What the exercise asks:
Could you return, exactly as written, every line from the one containing "GA license plate PTH3853" through the last line of the entries below, leaving out the pictures?

(Short descriptive text snippets)
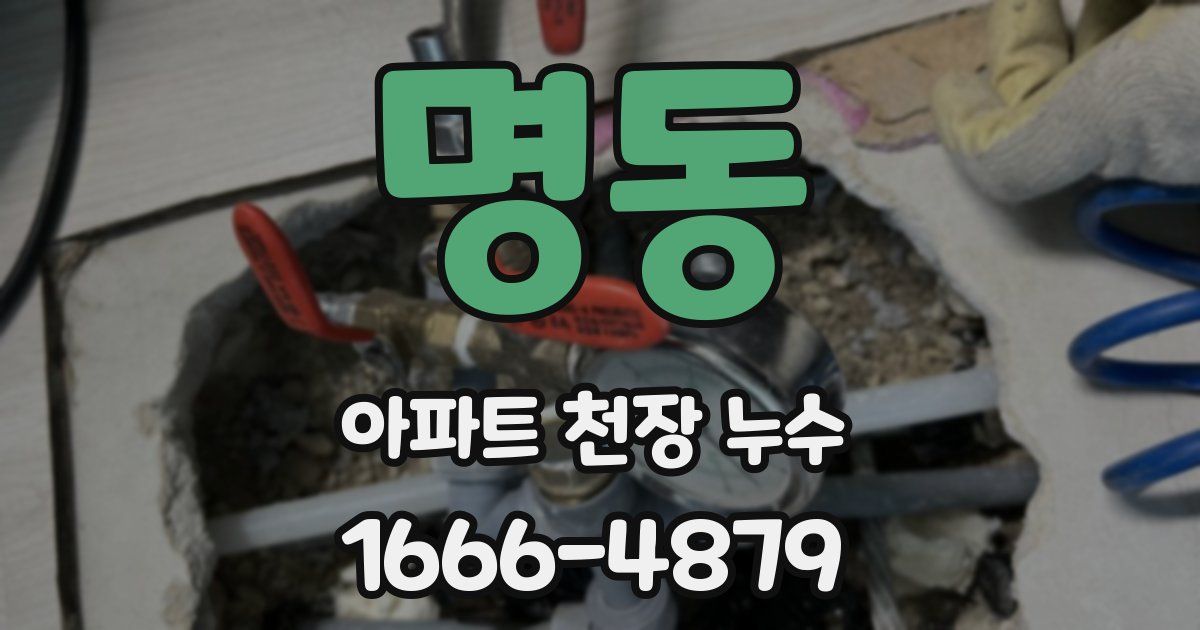 명동 아파트 천장 누수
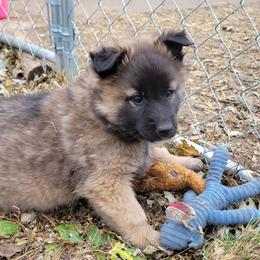 Orange Boy - Mahogany and black Belgian Tervuren puppy in Kirksville, Missouri from Katahdin Kennel Belgian Tervurens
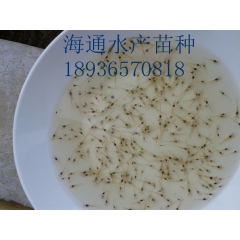 销售 优质白对虾苗 南美白对虾 虾苗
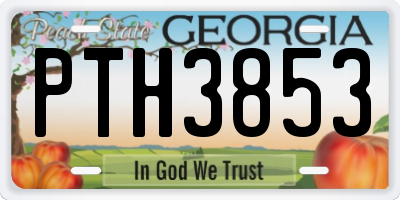 GA license plate PTH3853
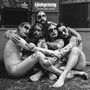 Håndgemeng: Satanic Panic Attack (Limited Edition) (Grey Marble Vinyl), LP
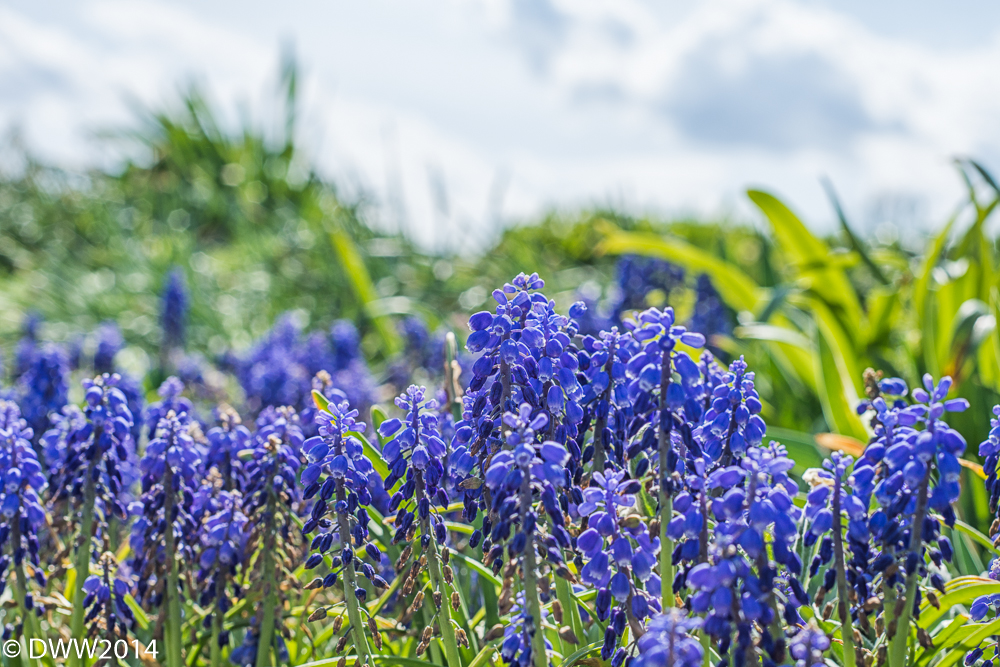 Indigo Purple 2 (1 of 1).jpg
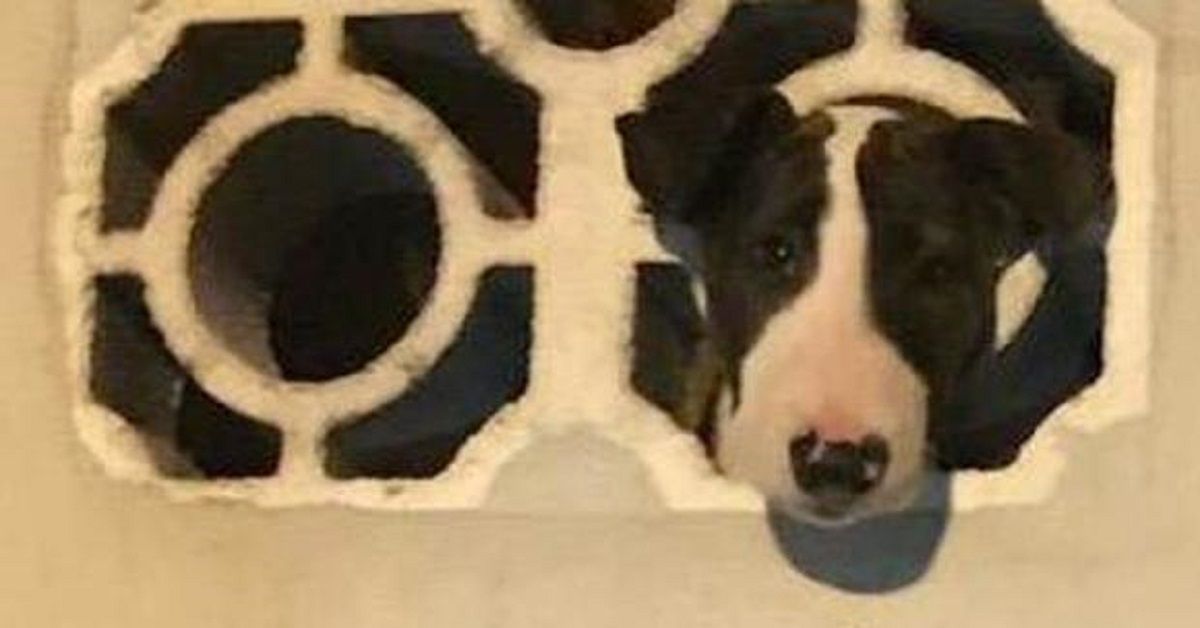 Padova, cane rimane incastrato nel terrazzo: per fortuna i pompieri lo salvano
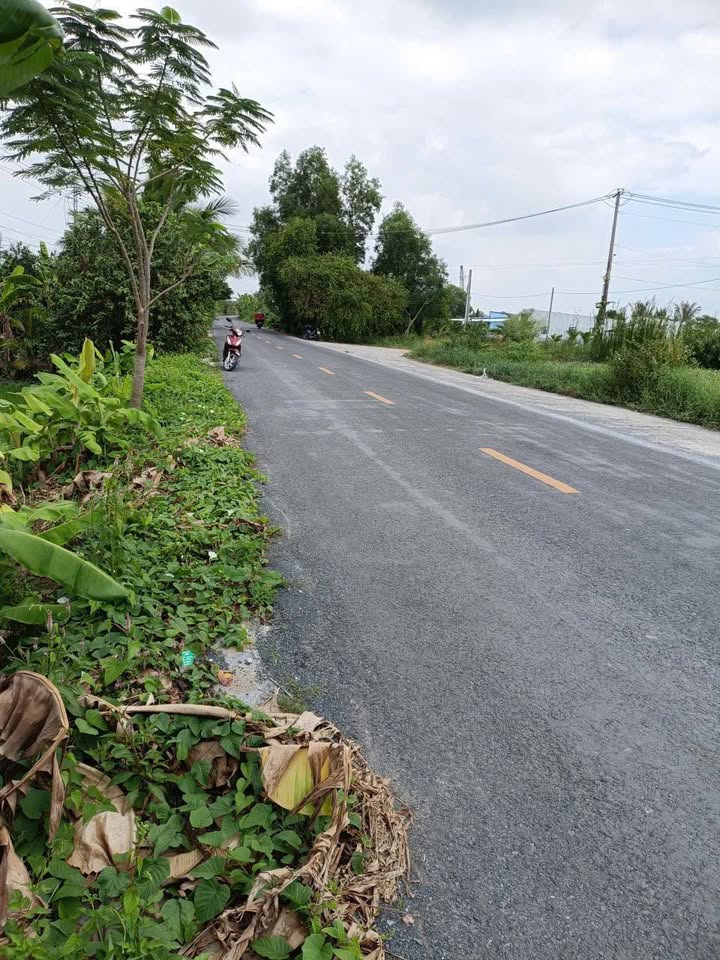 Đất nền 4665m² tại Cà Mau - Pháp lý rõ ràng, đầu tư sinh lời!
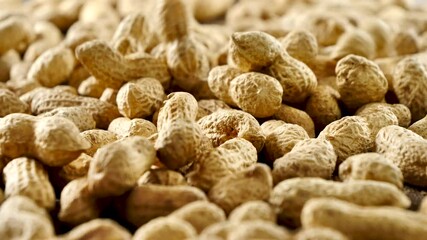 Wall Mural - peanut with shell falling in slow motion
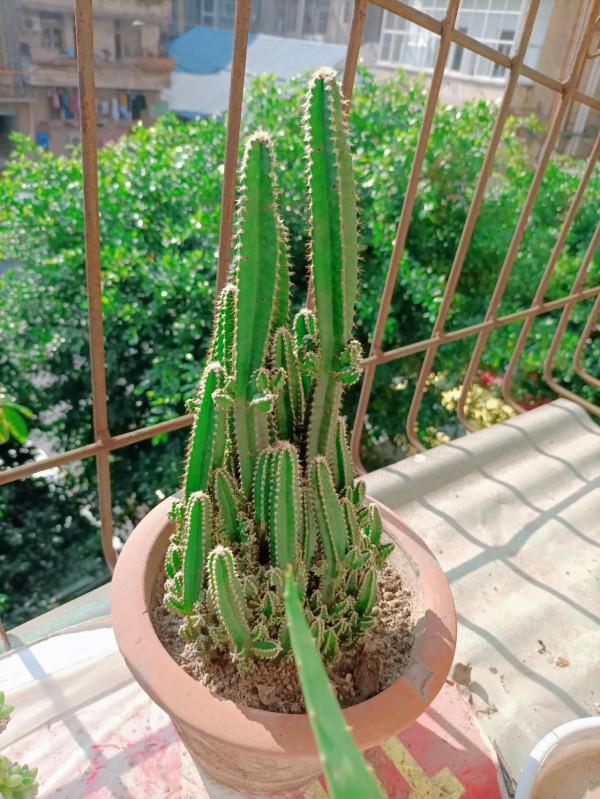 《不了情》——大衛原創詩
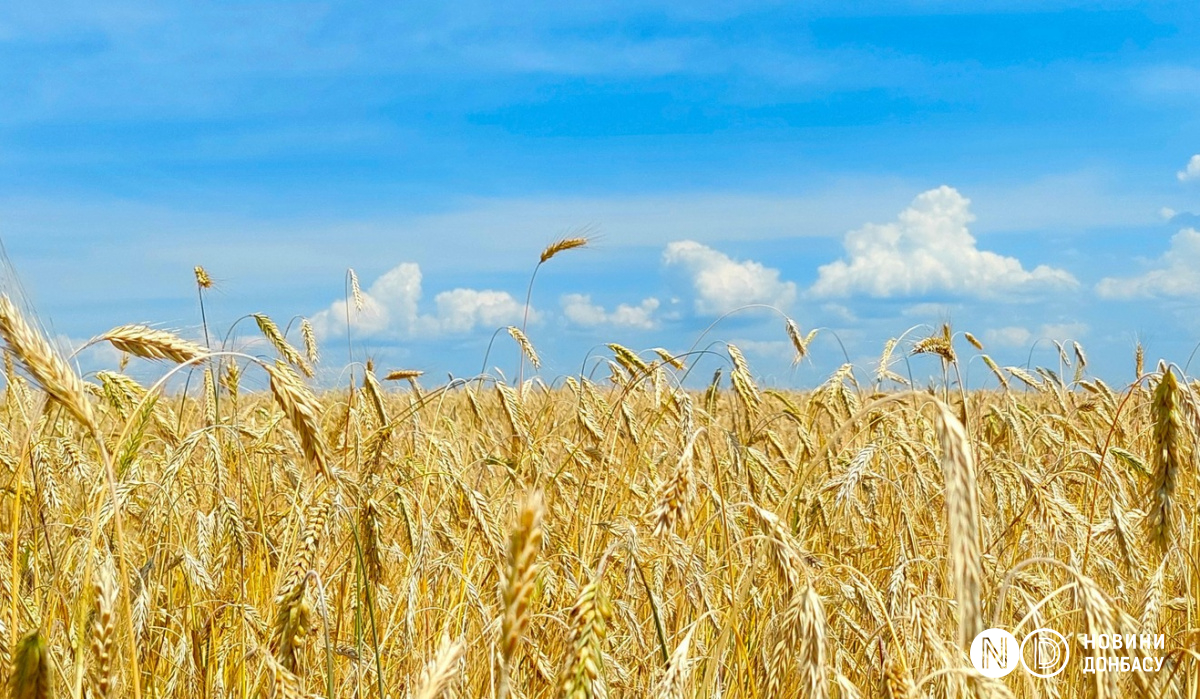 Що буде з українською агропродукцією після зриву «зернової угоди». Фото: Новини Донбасу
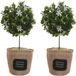 Doorstopper plant - 2x - 1 kilo - blanc - polyester - 18 x 18 x 26 cm - arbre - Home Sweet Home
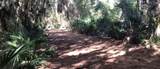  Lake Reedy Boulevard - Photo 2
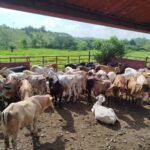 El Instituto de Seguro Agropecuario aseguró 239 novillos en Colón, reflejando el creciente interés de los productores por proteger sus inversiones pecuarias.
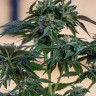 Семена марихуаны  Sour Mango feminised Ganja Seeds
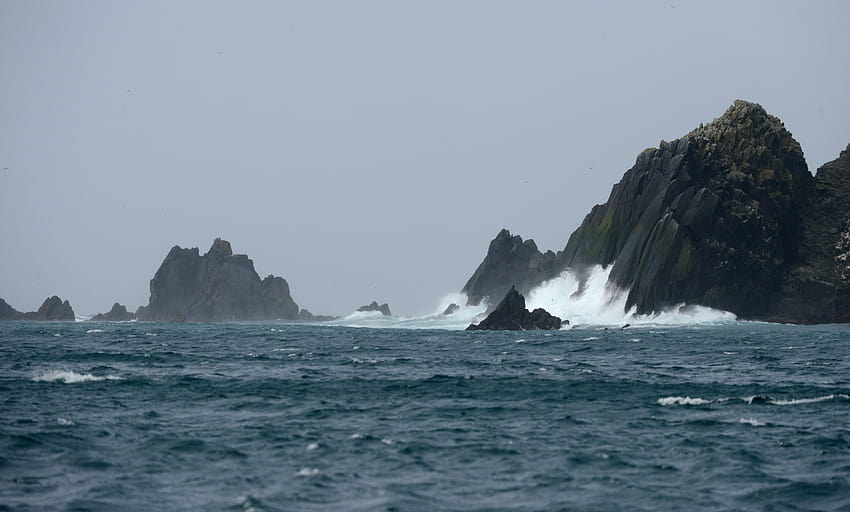 Pulau Buldir 'pengubah hidup' bagi peneliti burung laut, pulau attu Wallpaper HD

Answer area:
 GA license plate PTH3853
 Håndgemeng: Satanic Panic Attack (Limited Edition) (Grey Marble Vinyl), LP
 Indigo Purple 2 (1 of 1).jpg
 Padova, cane rimane incastrato nel terrazzo: per fortuna i pompieri lo salvano
 Đất nền 4665m² tại Cà Mau - Pháp lý rõ ràng, đầu tư sinh lời!
 Wall Mural - peanut with shell falling in slow motion
 《不了情》——大衛原創詩
 Що буде з українською агропродукцією після зриву «зернової угоди». Фото: Новини Донбасу
 Doorstopper plant - 2x - 1 kilo - blanc - polyester - 18 x 18 x 26 cm - arbre - Home Sweet Home
  Lake Reedy Boulevard - Photo 2
 El Instituto de Seguro Agropecuario aseguró 239 novillos en Colón, reflejando el creciente interés de los productores por proteger sus inversiones pecuarias.
 Семена марихуаны  Sour Mango feminised Ganja Seeds
 Pulau Buldir 'pengubah hidup' bagi peneliti burung laut, pulau attu Wallpaper HD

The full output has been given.